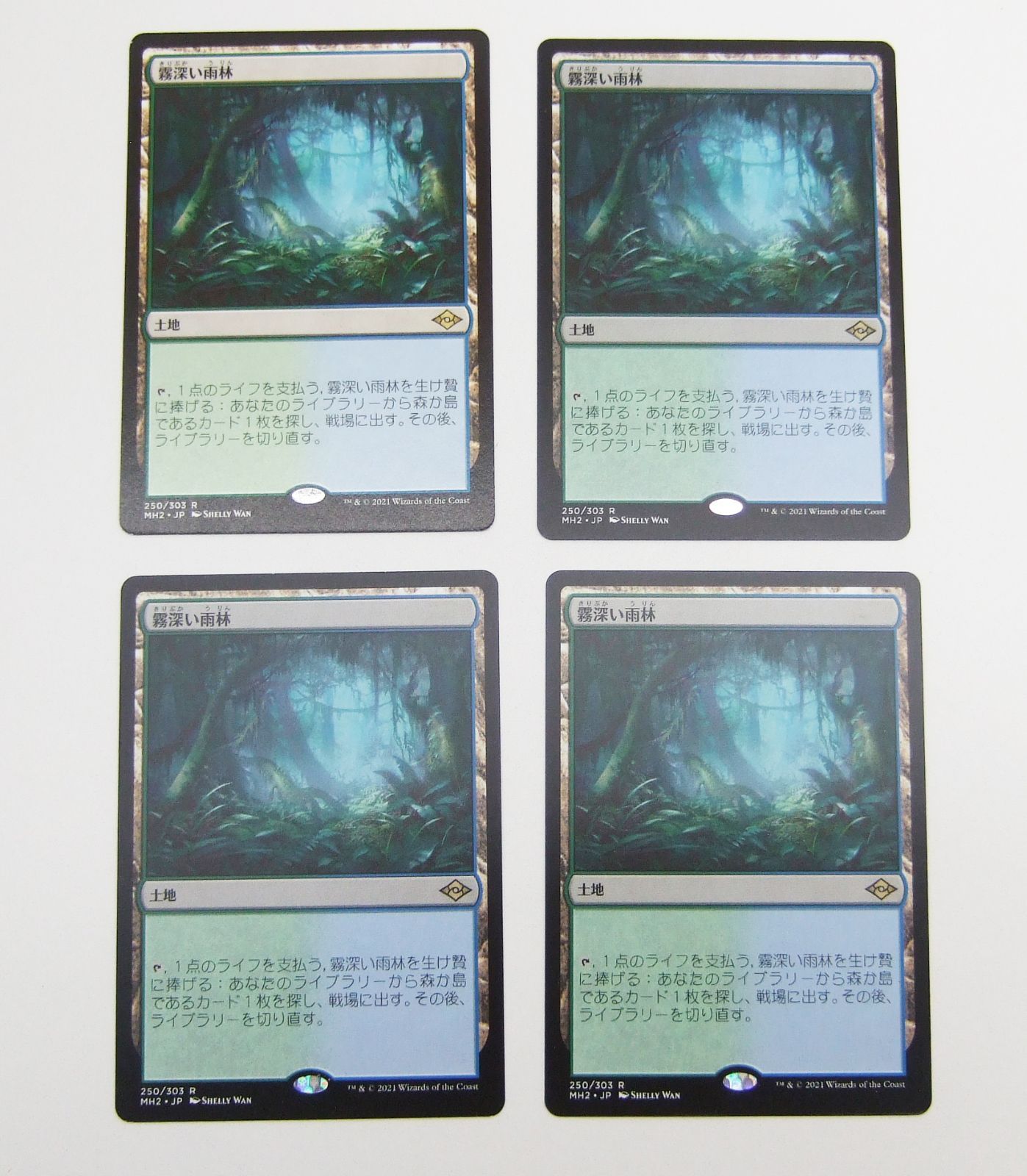 MTG 霧深い雨林 日本語 4枚セット プレイ用 - メルカリ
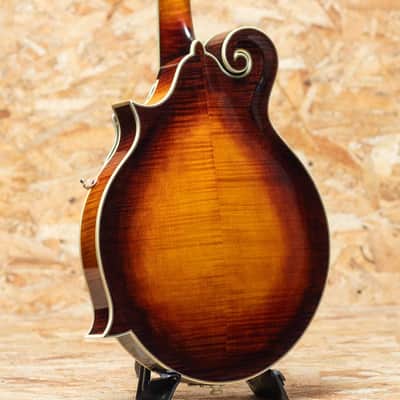 Iwashita Mandolins&Guitars F 5 2024 image 2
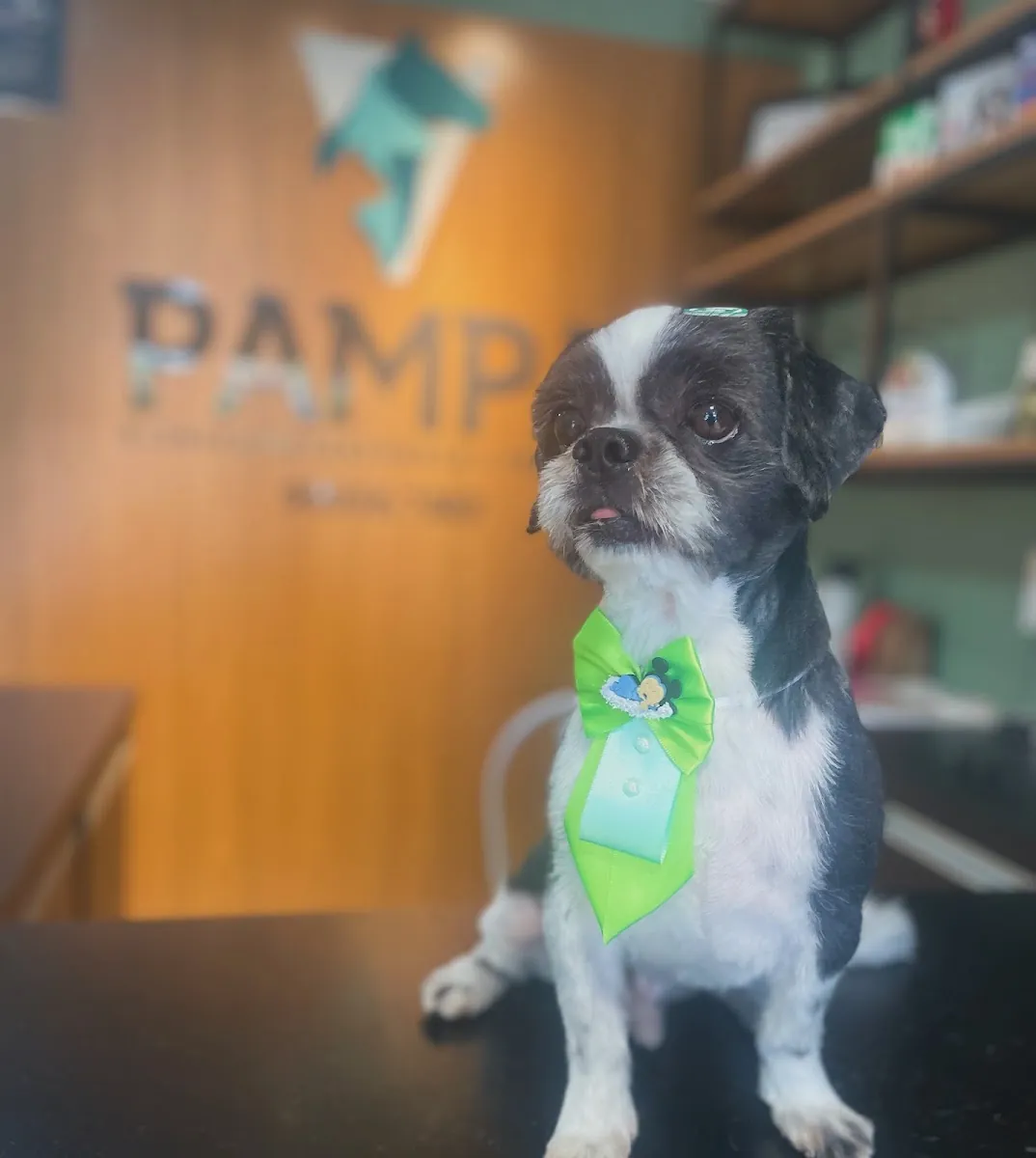 Pampa Petshop — Pet Shops em Nova Prata-RS (foto 4)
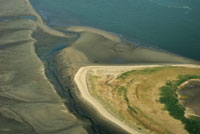 Acumulaci�n de sedimentos en el r�o San Juan.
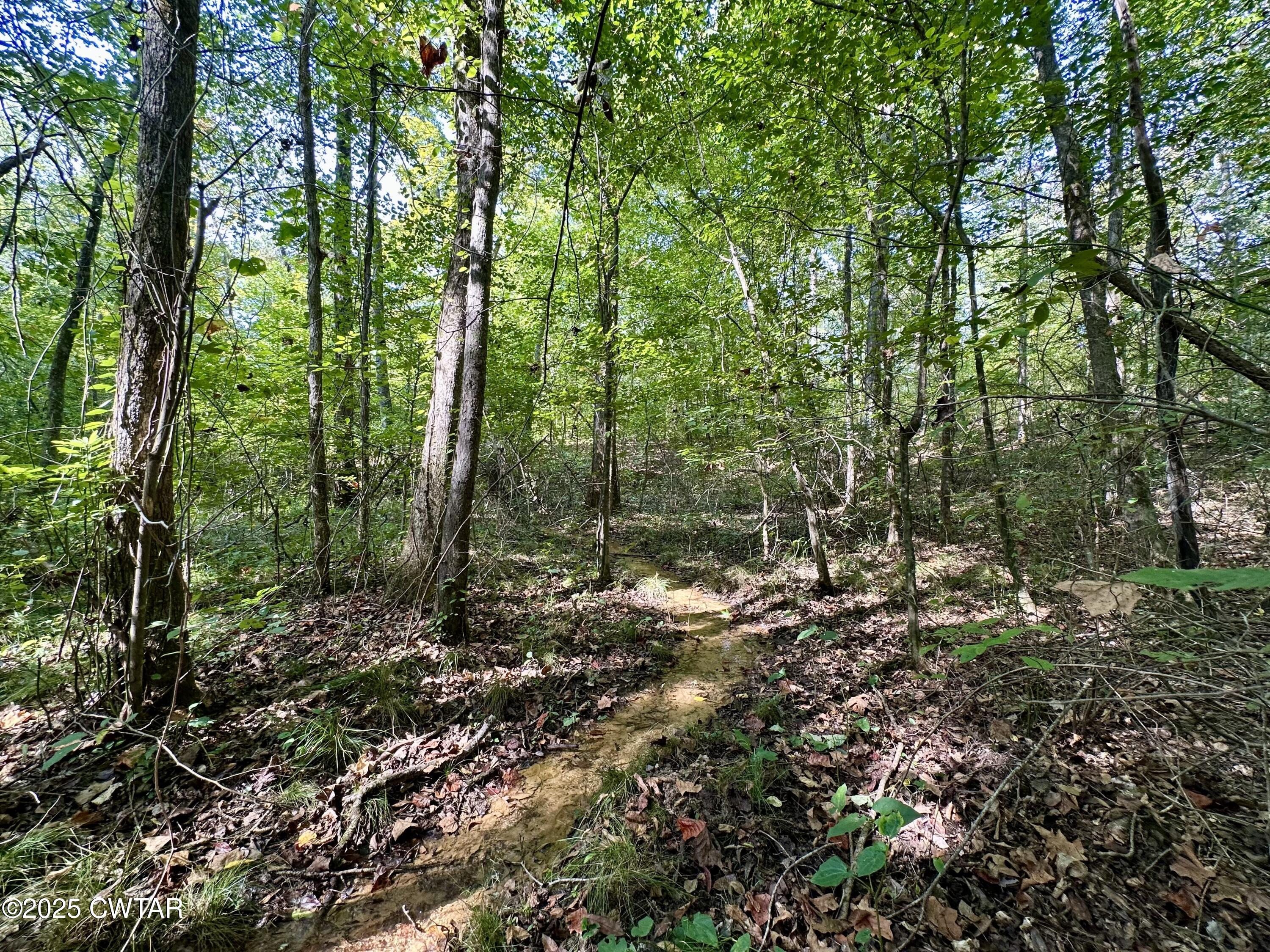 1137 Arl Bailey Road Finger, TN 38334 - Photo 29 of 40 a view of a forest with trees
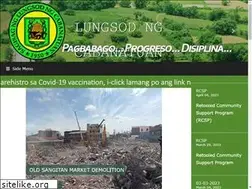 Sites similar to cabanatuancity.gov.ph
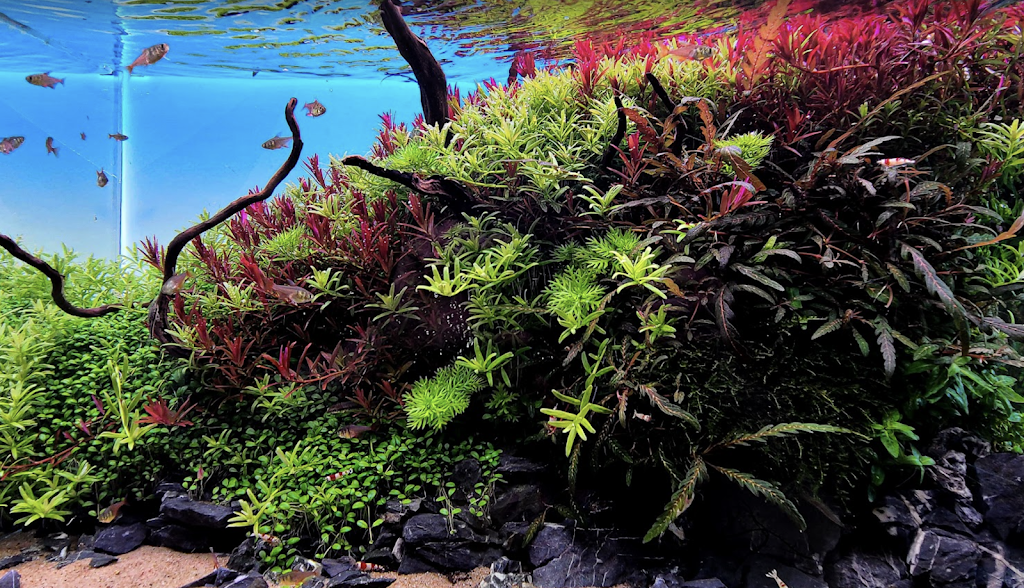 Red Leaf Aquascaping | 175 Rue Lupien, Aston-Jonction, QC G0Z 1A0, Canada | Phone: (819) 695-3554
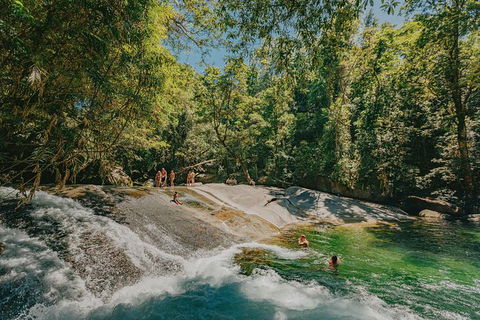 Atherton Tablelands Waterfalls And Rainforest Day Tour Departing Cairns - Surfers Paradise Gold Coast 0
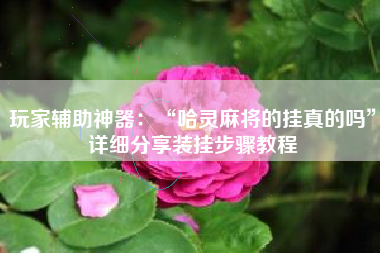 玩家辅助神器：“哈灵麻将的挂真的吗”详细分享装挂步骤教程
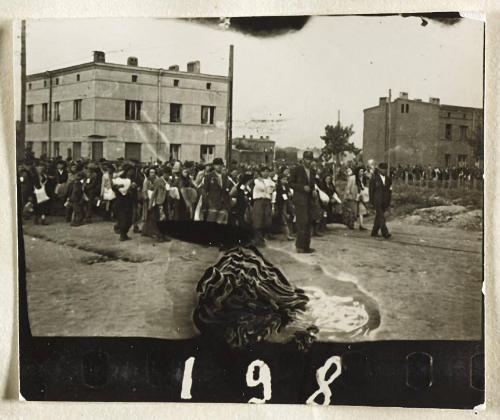 Contact Print #198 from Page #5 from Lodz Ghetto Album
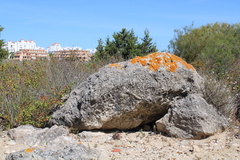 Variospora aurantia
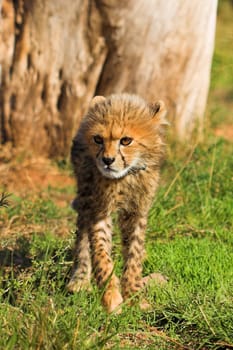 Cheetah Cub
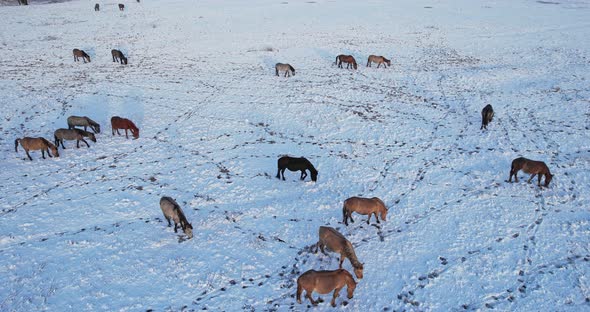 A herd of horses in winter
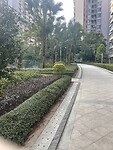 IMG_2968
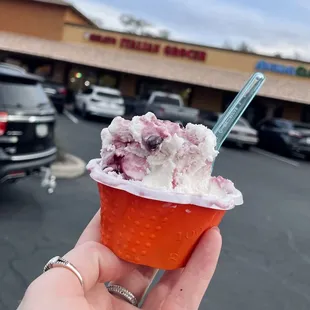 a hand holding a cup of gelato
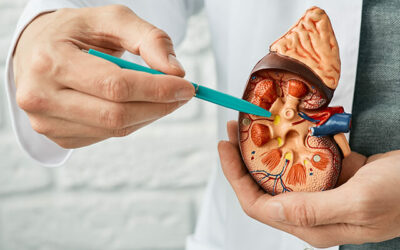 Chronic kidney disease (CKD)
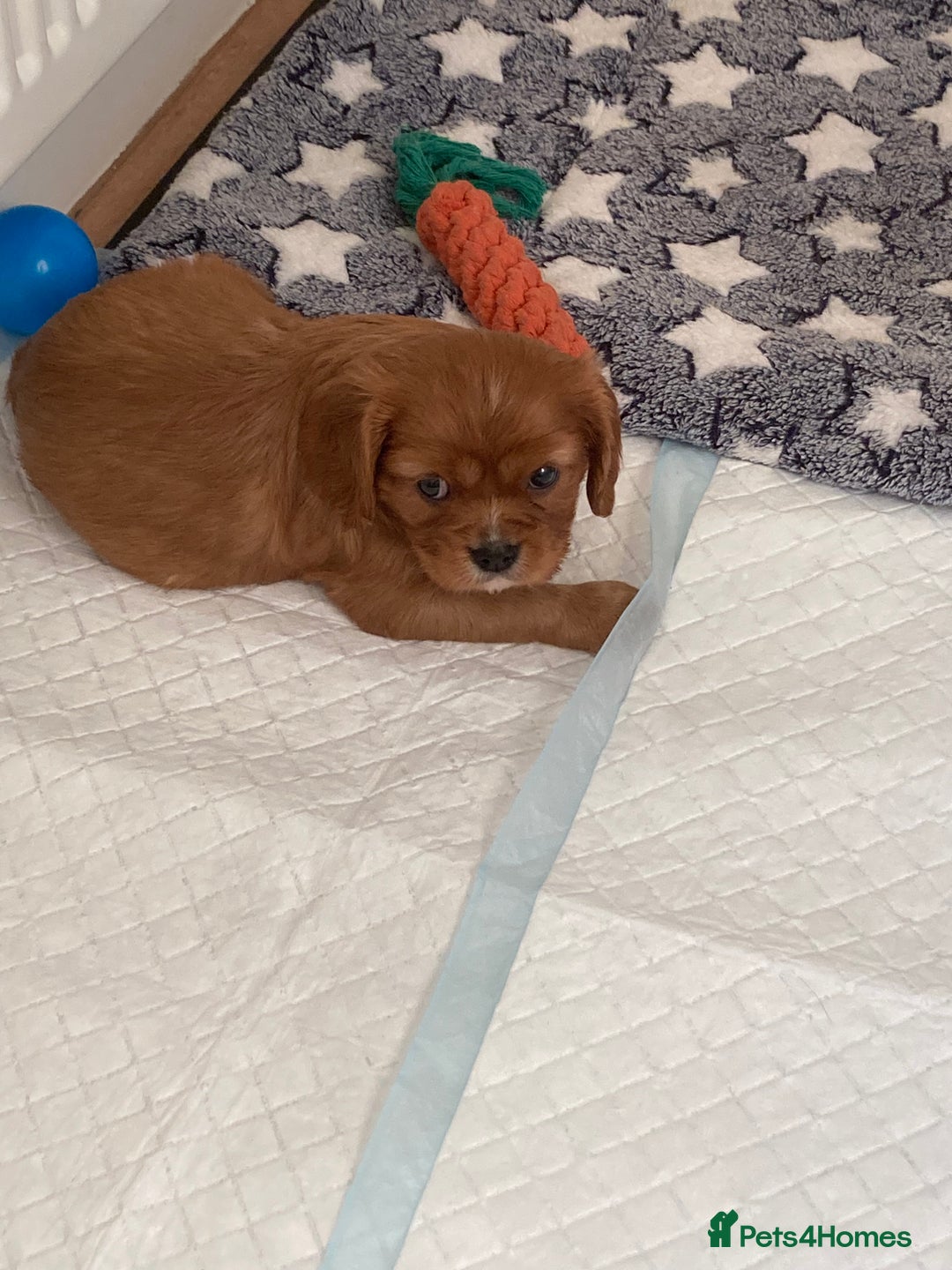 Cavalier King Charles Spaniel dogs for sale: Cavalier King Charles Spaniel Puppy 1 - Kc reg D.N.A health tested  - Image 5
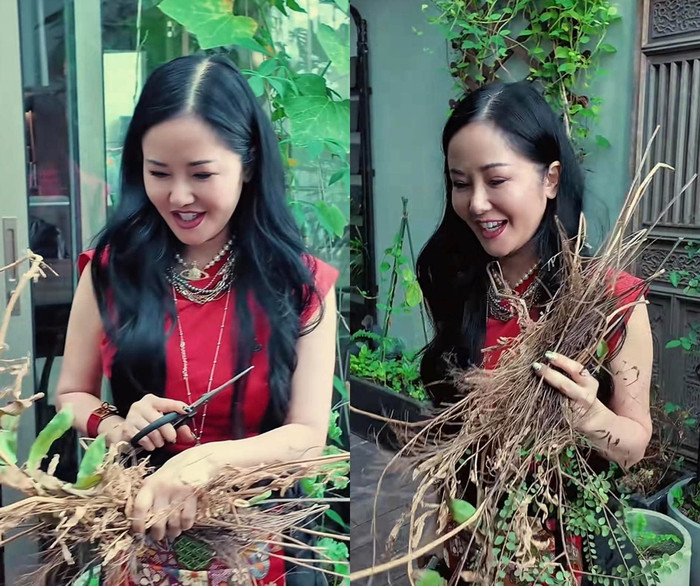 Diva Hồng Nhung yêu thích thiên nhiên, thường xuyên trang trí cho tổ ấm.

══════════

▶ **DIRECTIONS**: In the listing above, find the line with "Atherton Tablelands Waterfalls" and the line with "Cavalier King Charles Spaniel dogs". Copy exactly those lines and all between them, minus the images.

▶ **SOLUTION TO THIS PROBLEM**:
 Atherton Tablelands Waterfalls And Rainforest Day Tour Departing Cairns - Surfers Paradise Gold Coast 0
 玩家辅助神器：“哈灵麻将的挂真的吗”详细分享装挂步骤教程
 Contact Print #198 from Page #5 from Lodz Ghetto Album
 Variospora aurantia
 Cheetah Cub
 A herd of horses in winter
 IMG_2968
 a hand holding a cup of gelato
 Chronic kidney disease (CKD)
 Cavalier King Charles Spaniel dogs for sale: Cavalier King Charles Spaniel Puppy 1 - Kc reg D.N.A health tested  - Image 5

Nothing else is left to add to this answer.